[[ Dataset content open ]]

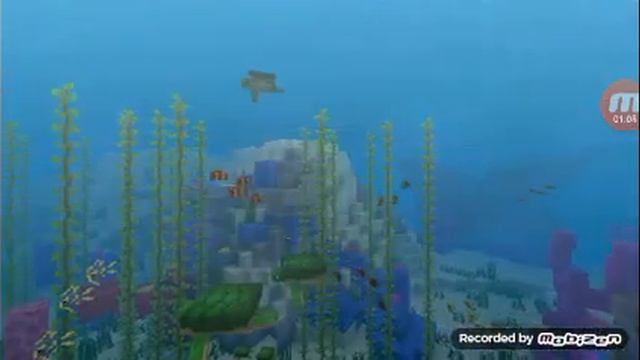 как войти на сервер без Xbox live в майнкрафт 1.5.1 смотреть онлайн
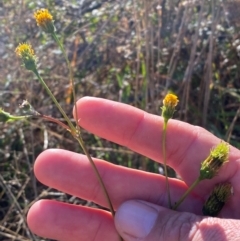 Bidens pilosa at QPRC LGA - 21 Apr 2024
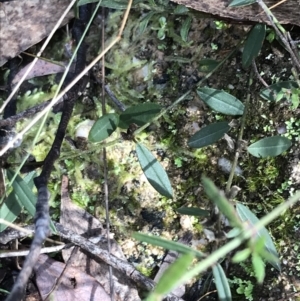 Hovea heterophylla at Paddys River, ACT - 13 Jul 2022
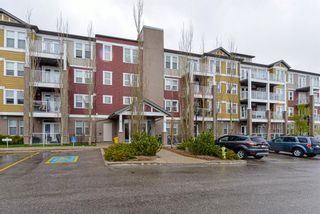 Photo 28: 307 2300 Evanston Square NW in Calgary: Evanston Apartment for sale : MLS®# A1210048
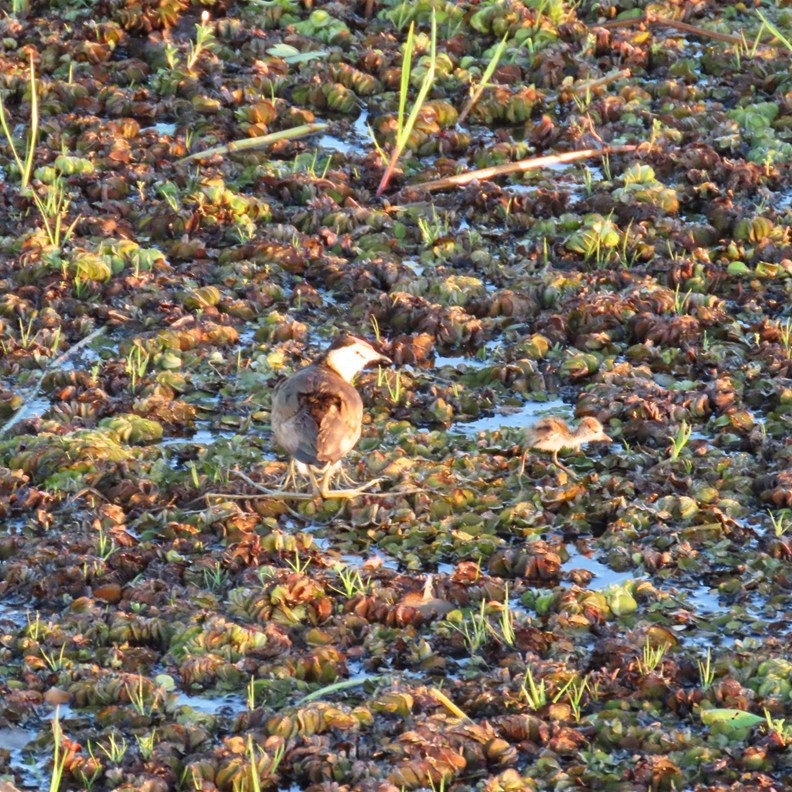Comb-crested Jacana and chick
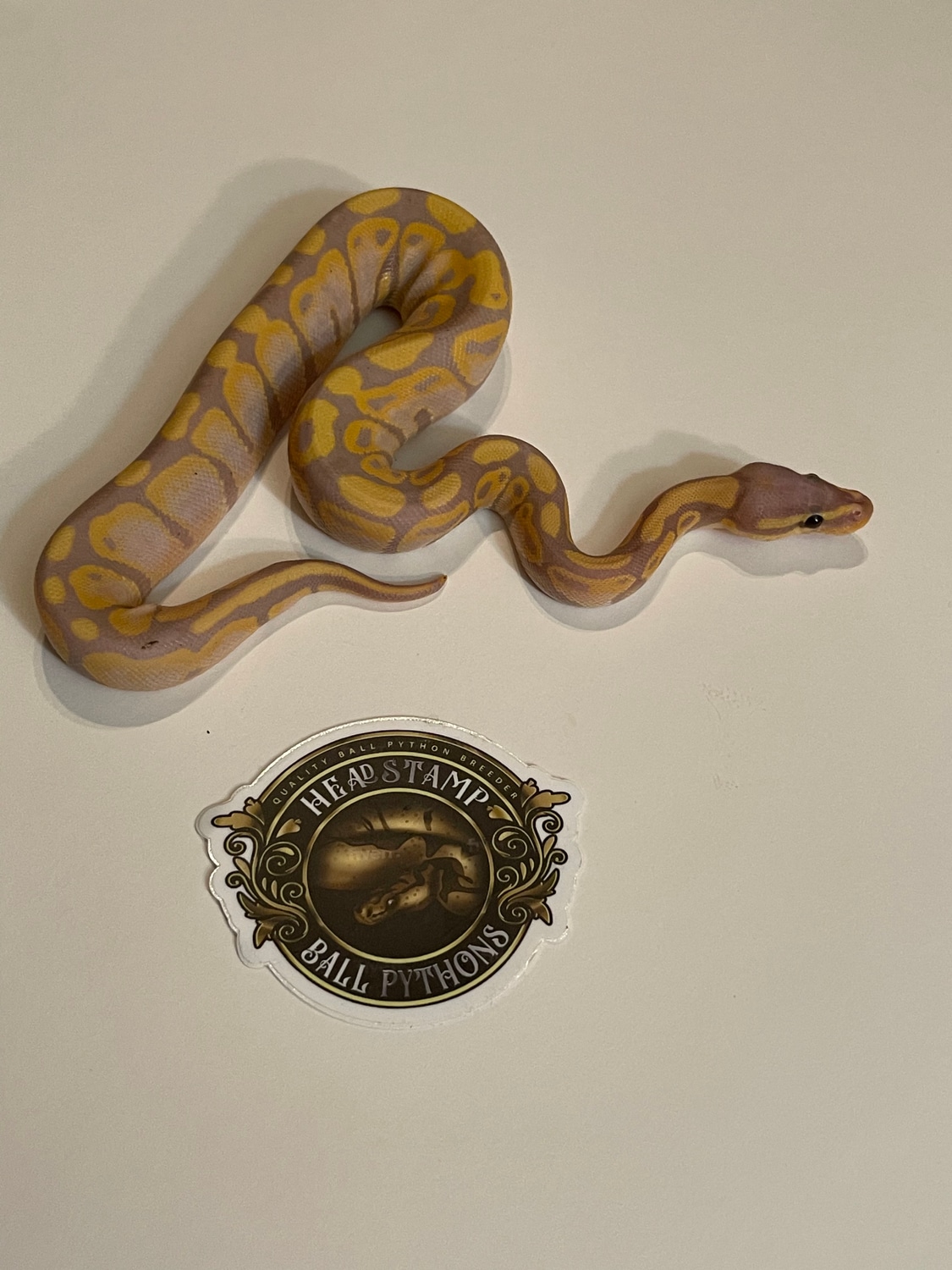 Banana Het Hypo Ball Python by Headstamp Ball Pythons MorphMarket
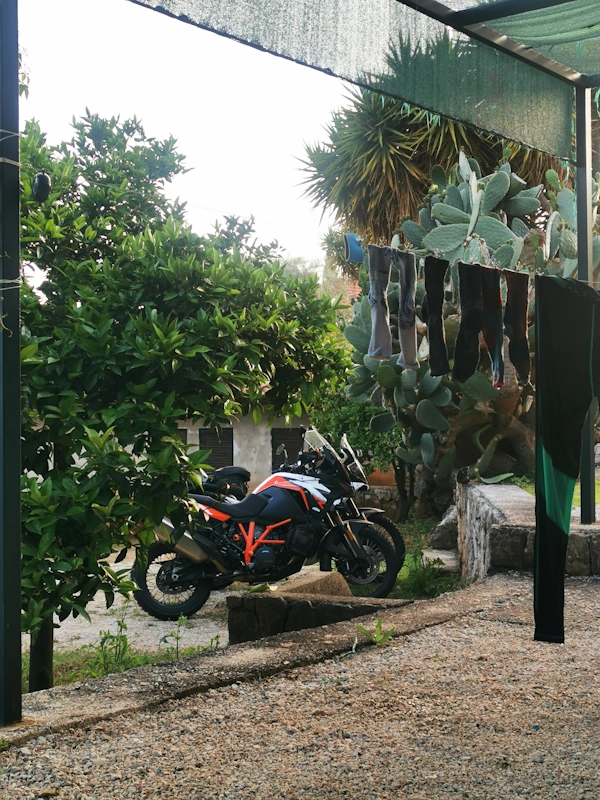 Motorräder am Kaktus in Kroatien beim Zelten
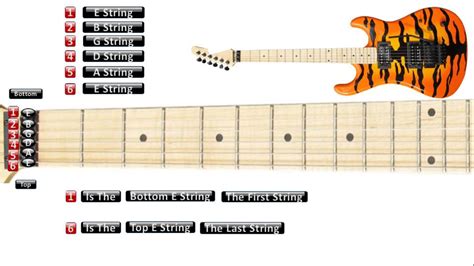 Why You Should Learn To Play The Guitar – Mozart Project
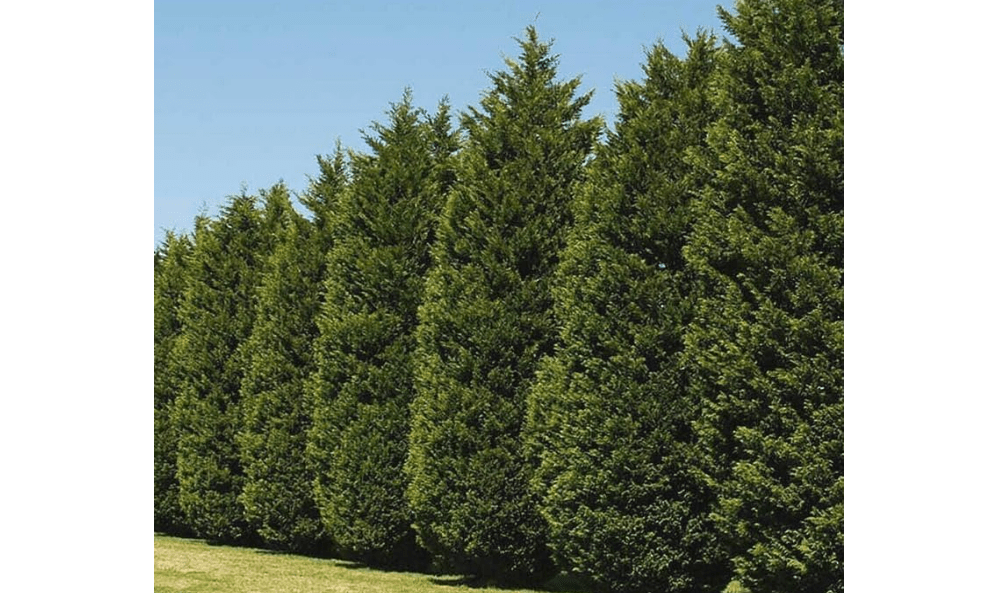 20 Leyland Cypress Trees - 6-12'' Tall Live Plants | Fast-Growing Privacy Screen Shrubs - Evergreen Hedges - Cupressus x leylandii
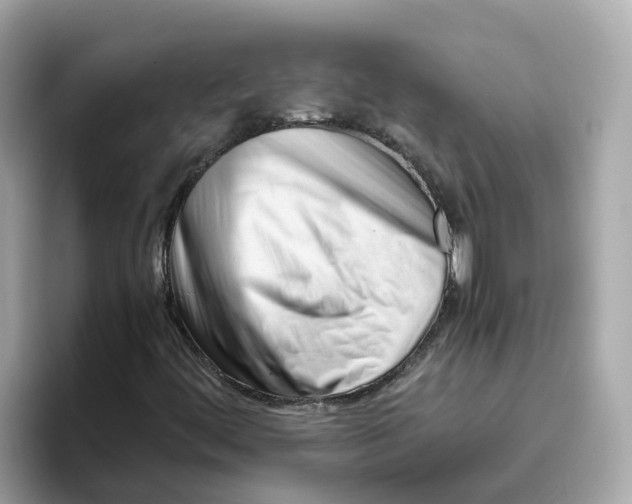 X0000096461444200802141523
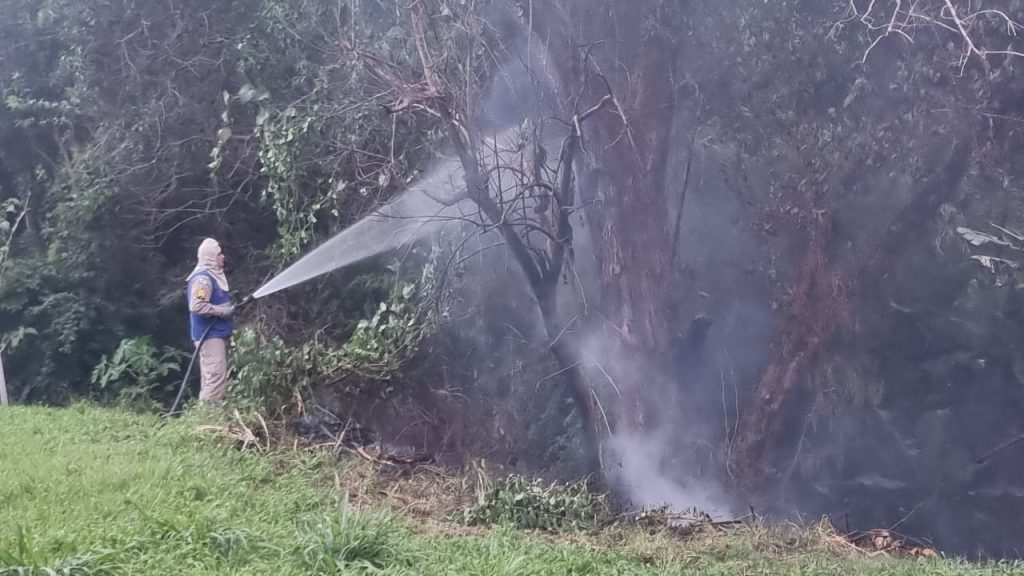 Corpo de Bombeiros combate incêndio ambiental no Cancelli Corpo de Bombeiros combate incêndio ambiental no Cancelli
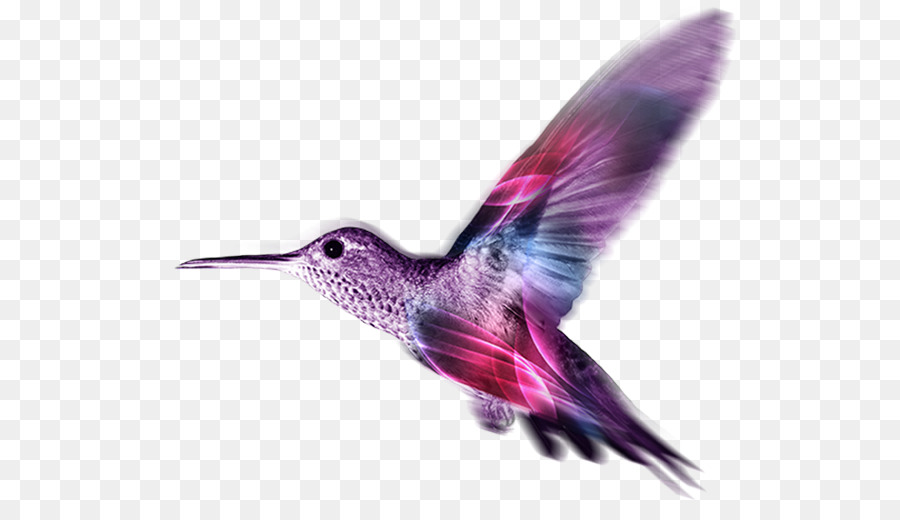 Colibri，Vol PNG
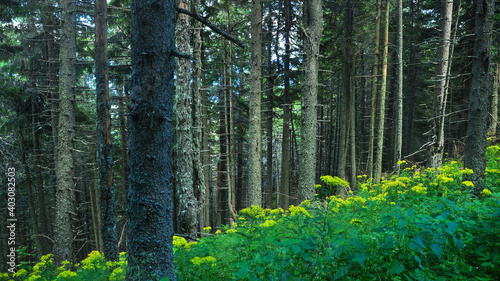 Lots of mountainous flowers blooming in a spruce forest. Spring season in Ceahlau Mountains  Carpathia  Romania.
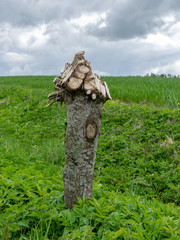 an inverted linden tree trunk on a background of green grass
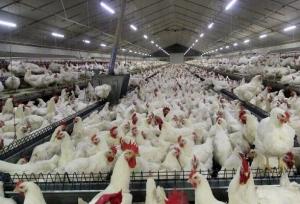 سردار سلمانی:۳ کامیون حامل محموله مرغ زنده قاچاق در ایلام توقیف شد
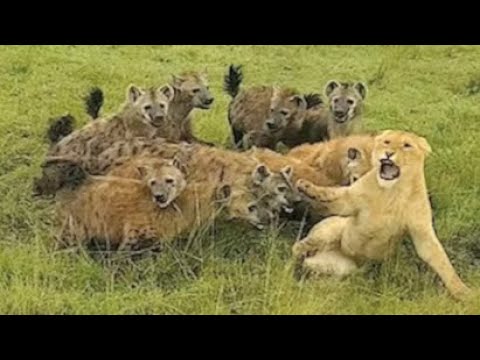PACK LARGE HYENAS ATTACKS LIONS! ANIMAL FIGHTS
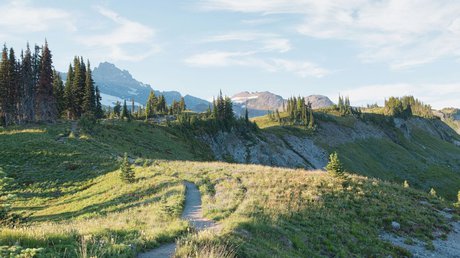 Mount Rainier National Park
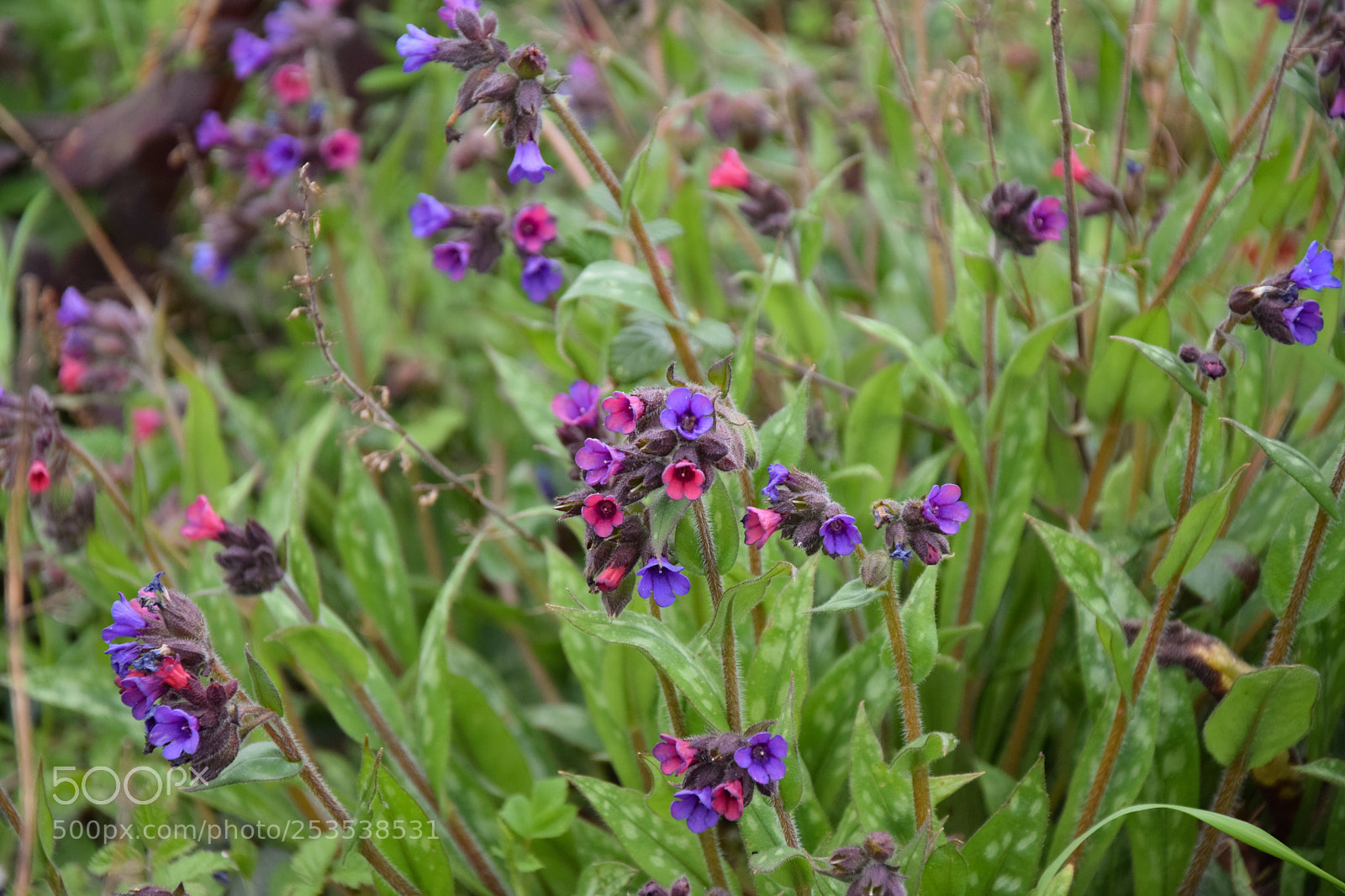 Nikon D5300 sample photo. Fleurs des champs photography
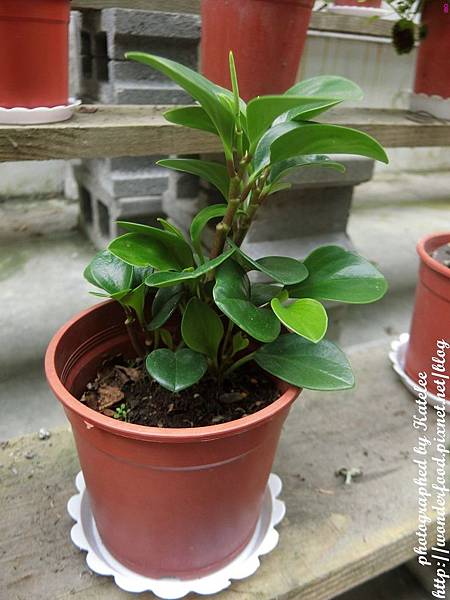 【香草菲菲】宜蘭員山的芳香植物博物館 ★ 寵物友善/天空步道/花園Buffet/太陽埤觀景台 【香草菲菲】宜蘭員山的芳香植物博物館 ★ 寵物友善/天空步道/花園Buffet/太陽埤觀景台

[[ Dataset content closed ]]

■ **Assignment**:
An exact copy is required of the lines from the start of the records above through the line with "Banana Het Hypo", and only those, without any pictures.

■ **Task solution**:
 как войти на сервер без Xbox live в майнкрафт 1.5.1 смотреть онлайн
 Bidens pilosa at QPRC LGA - 21 Apr 2024
 Hovea heterophylla at Paddys River, ACT - 13 Jul 2022
 Photo 28: 307 2300 Evanston Square NW in Calgary: Evanston Apartment for sale : MLS®# A1210048
Comb-crested Jacana and chick
 Banana Het Hypo Ball Python by Headstamp Ball Pythons MorphMarket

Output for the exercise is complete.